If Buffett were a TradeStops user, our Stock State Indicator (SSI) would have told him to sell roughly 20% higher, when AAPL hit its red zone risk point almost two months ago (as you can see in the chart below).

chart showing when AAPL hit its red zone risk point
When we look at the forces behind Apple’s decline, there are lessons of caution. There is reason to believe the heights Apple achieved can never be regained, and that the stock faces more pain ahead.

But before we get into a discussion of why Apple’s best days may be over, it is important to focus on the real lesson here.

It’s hard to predict the future — and some would say impossible. But with the right approach to investing, you don’t have to. Instead you can focus your capital on the industries, sectors, and names where the trends and SSI status are positive, as Apple’s was for years.

Our studies of publicly available track records show that even the best investors in the world, in most cases, are better off approaching markets this way. So why not investors like you and me? The good news is that, even if Apple’s best days are behind it, there will be powerful trends in plenty of other stocks in the months and years ahead.

So, what happened to the mighty Apple?

On Aug. 2, 2018, Apple hit a milestone no company had ever reached. It exceeded a market cap of $1 trillion. This was a long way from 1997, when Apple was almost broke and the exiled founder Steve Jobs was called back in to save the company from oblivion.

Things looked so bad in the late 1990s, Dell Computer founder Michael Dell suggested Apple should voluntarily shut down and return the capital to shareholders. Twenty-one years later, Apple had proven itself the most valuable company in the world — and the first to be worth $1 trillion — as a result of the iPhone, the most beloved consumer product in the history of technology.

It is hard to overstate the sheer triumph of the iPhone. Not only was the iPhone the most successful consumer technology product the world had ever seen, its launch seeded the global smartphone market — the most lucrative software platform the world had ever seen.

The smartphone industry enabled social media, the “app economy,” the “gig economy,” an explosion of mapping and messaging applications, a relentless series of upgrade cycles in batteries, chips and components, and much more.

For Apple moving forward, this is part of the problem.

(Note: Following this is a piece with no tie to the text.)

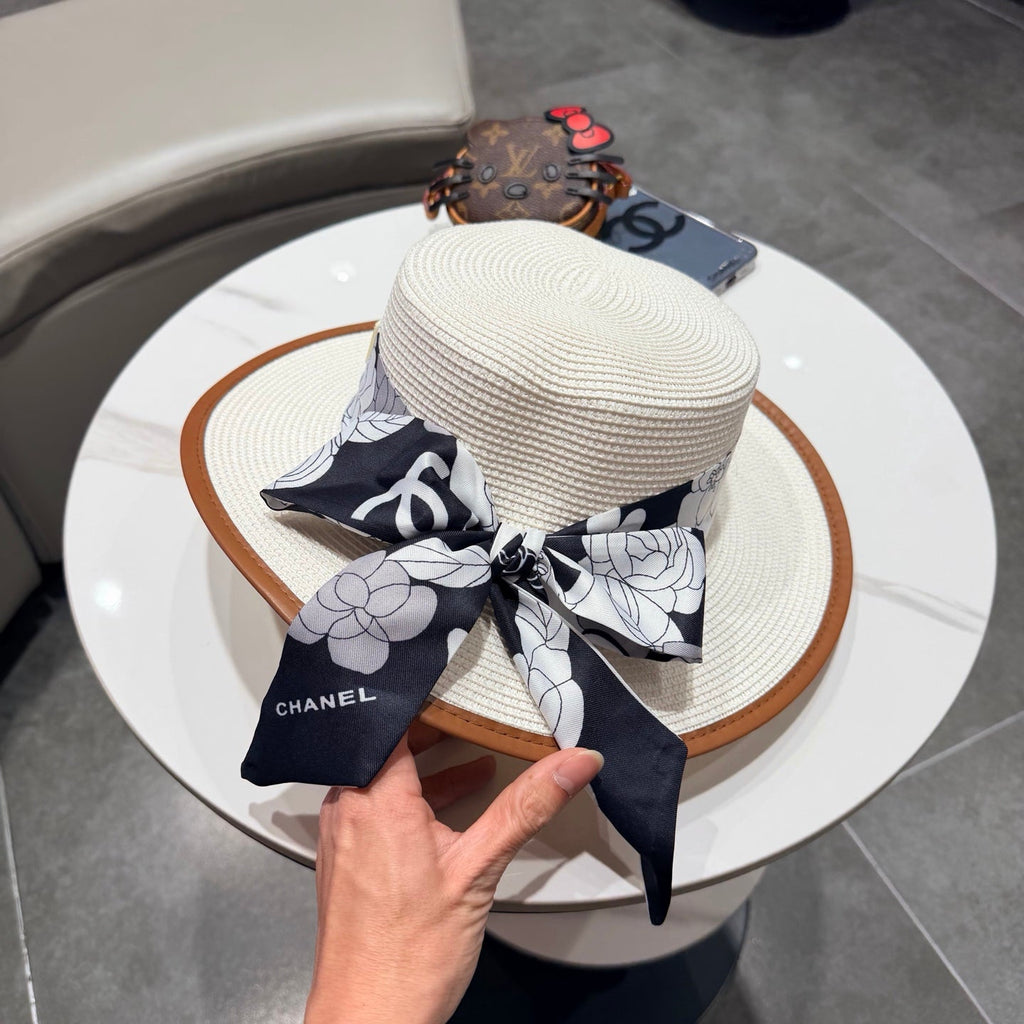 Chanel Flat-top White Straw Hat 201529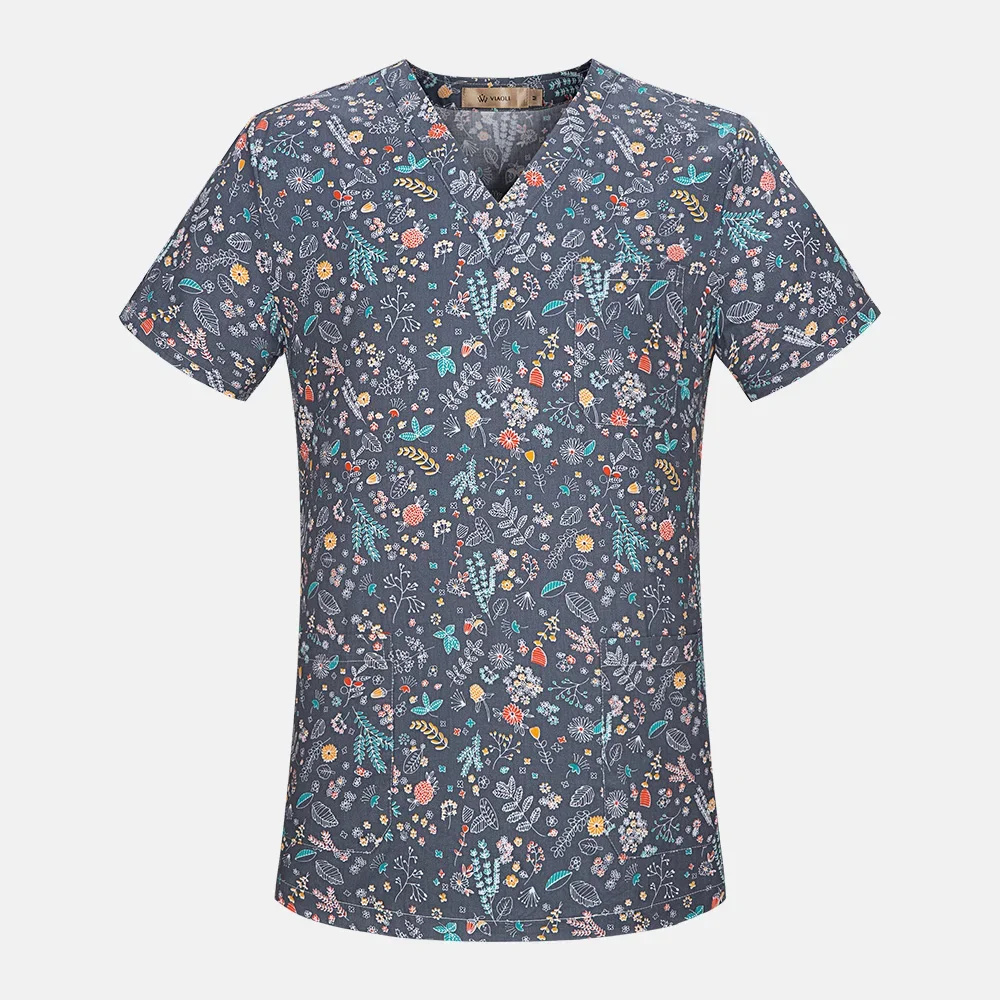 Unisex Style 100% Pure Cotton Medical Hospital Printed Scrub Uniforms Medical Scrubs Medico Scrub Uniform Top for Women and Men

The whole smartphone industry has matured, which means Apple’s once-in-history feat can never be repeated.

To understand why the iPhone was such a wildly profitable product, consider Apple’s ability to sell a mass market item, at a luxury goods price point, with a user replacement cycle of once every two years.

No other consumer product has ever matched this. Nobody sells at mass market volume with a luxury goods price (like selling a Honda but charging for a Mercedes). And nobody sells high-end technology with such rapid turnover. Only Apple pulled it off brilliantly.

The reason this was possible was the nature of the smartphone market. Under normal circumstances, a technology product that has to be replaced every two years would be considered low quality, or possibly even junk.

But Apple’s products were excellent quality from the start — and the two-year replacement rate came about because smartphone technology developed so quickly. Every 24 months, a new set of features or capabilities came out that were so compelling, consumers felt they had no choice but to upgrade.

That two-year replacement cycle made Apple into a profit juggernaut, with fat profit margins that refreshed themselves every 24 months.

But now Apple’s biggest competitor is Apple itself, because the replacement rate has slowed dramatically. Consumer research shows the iPhone replacement cycle was still at two years as recently as 2015. Since then, it has stretched out to three years, and could stretch out further still.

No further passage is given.